Le Concerto pour violon et quatuor à cordes de 1949, pièce de plus grande dimension avec un effectif à tendance chambriste, précède ces diverses pièces. La notice bien documentée de Per-Henning Olsson, qui en déjà signé d’autres pour des œuvres de Pettersson, cite une description du compositeur quant à sa partition qui dépasse les trente-cinq minutes. On y retrouve le rappel des souffrances subies : J’ai composé un concerto pour violon qui est symptomatiquement chargé de dissonances jusqu’au point de rupture. Dans le milieu où j’ai grandi, j’ai absorbé la douleur dégagée par les gens qui m’entouraient. Il y avait des causes concrètes : ils étaient pauvres, brisés, malades, mais le pire c’est qu’ils étaient soumis. Aveu de première importance face à une partition qui, lors de sa création, a suscité des réactions critiques et a été qualifiée « d’expressionnisme ultra-difficile ». Ce concerto exige beaucoup des interprètes en raison de son écriture multiple et radicale qui impose, dans un climat où l’affliction et les affres, voire l’angoisse, sont toujours au premier plan, de la polytonalité et de la polyrythmie, mais aussi des effets sur le bois de l’archet ou derrière le chevalet.

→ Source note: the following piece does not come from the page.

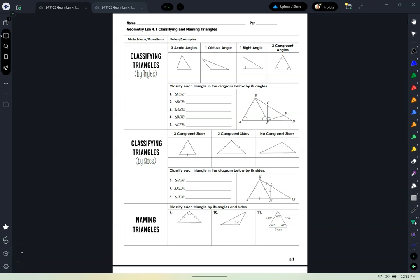Today we're going to start talking about some different classifications of triangles and then using those relationships to perform some math. We're going to put some things together. Now we're going to talk a lot about triangles in this class.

Ce qui provoque chez l’auditeur un impact qui le fait participer physiquement à cette entreprise musicale qui est sans doute une sorte d’exutoire contre les tourments. Car Pettersson écrit ce concerto à l’époque où la maladie rhumatoïde contre laquelle il devra lutter va s’imposer à son quotidien. Certains accents sonnent parfois comme un passage d’une vie qui a déjà eu sa part de souffrances à une phase qui la rendra encore plus insupportable. On sort de cette œuvre dérangeante meurtri soi-même par un parcours que l’on ne peut s’empêcher d’assumer émotionnellement.
En 1995, le violoniste allemand Ulf Hoelscher avait gravé ce concerto avec le Quatuor Manderling pour CPO. La version livrée par Ulf Wallin et un quatuor constitué par la Coréenne Sueye Park, et l’Espagnol Daniel Vlashi Lukaçi, qui ont tous deux étudié le violon avec Wallin, l’altiste russe German Tcakulov et le violoncelliste allemand Alexander Wollheim (ces deux derniers présents à pour d’autres moments du programme), se révèle très investie. L’engagement est constant, l’expression est souvent à fleur de peau et la concentration maximale. Même si une autre version, déjà intense, a été disponible en 2001 par la Chinoise Yamei Yu et le Quatuor de Leipzig (MDG), nous accordons notre préférence à la nouvelle, d’autant plus que la prise de son est magnifique.